Wie Reiter am Donnerstag ausführte, litten die Pensionisten aus Wien und Niederösterreich an altersbedingten verschiedenen „Wehwehtscherln“, waren ansonsten aber halbwegs gesund. Ihr Zustand verschlechterte sich dann jedoch rapide. In aufwendigen hochtechnischen Analysen wurden Organe sowie Haare und Nägel der Opfer untersucht, wodurch nicht nur der Nachweis des Giftes gelang, sondern sich - rückgerechnet auf das Wachstumstempo der Nägel - auch der Zeitpunkt der Arsengaben eingrenzen ließ.

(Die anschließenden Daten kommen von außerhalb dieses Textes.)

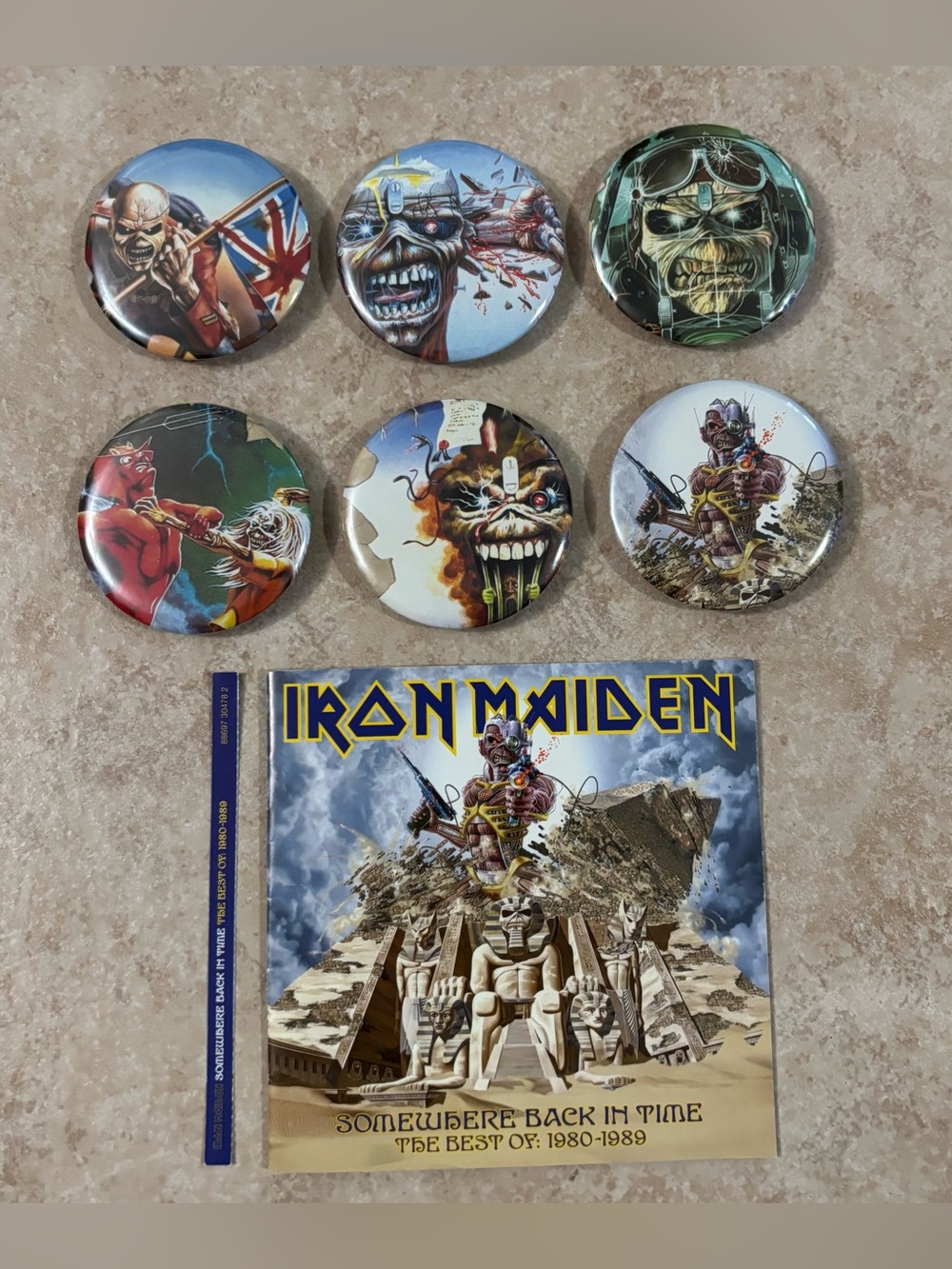 Iron Maiden Somewhere Back in Time 1980-1989 Album + Eddie Buttons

Staatsanwältin forderte „gerechte Strafe“

Staatsanwältin Susanne Waidecker zeigte sich in ihrem Schlussvortrag von der Schuld der Angeklagten überzeugt und forderte eine gerechte Strafe. Sie verwies auf diverse Widersprüche in den Aussagen der 52-Jährigen und auf die Parallelen bei den Opfern - beide einsam, beide relativ ohne Kontakte, beide suchten per Inserat eine Gefährtin für ihren Lebensabend. Für Waidecker stand auch außer Frage, dass es intime Beziehungen gab.

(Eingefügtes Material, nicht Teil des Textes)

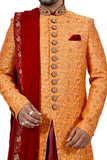 Royal Brocade Silk Rajah And Maroon Indian Wedding Sherwani For Men - RK2061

Verteidiger verlangte „Freispruch im Zweifel“

Verteidiger Timo Gerersdorfer forderte einen Freispruch im Zweifel. Das Beweisverfahren habe „nicht einmal ansatzweise ergeben“, dass seine Mandantin den Männern Arsen verabreicht habe. Es sei nicht geklärt, wo das Gift her- und hinkam. Vermögensrechtlich hätten ihr Sohn und ihr Mann profitiert, die aber nicht auf der Anklagebank saßen. Vielmehr sei seitens der Staatsanwaltschaft die Einvernahme des 29-Jährigen abgesagt worden.

Angeklagte mit Mappe vor dem Gesicht

APA/ Helmut Fohringer

Angeklagte: „Ich habe niemanden umgebracht“

„Ich habe niemanden umgebracht ... und nie in meinem Leben Gift in den Händen gehabt“, sagte die Angeklagte, bevor die Geschworenen um 15.30 Uhr in die Urteilsberatung geschickt wurden.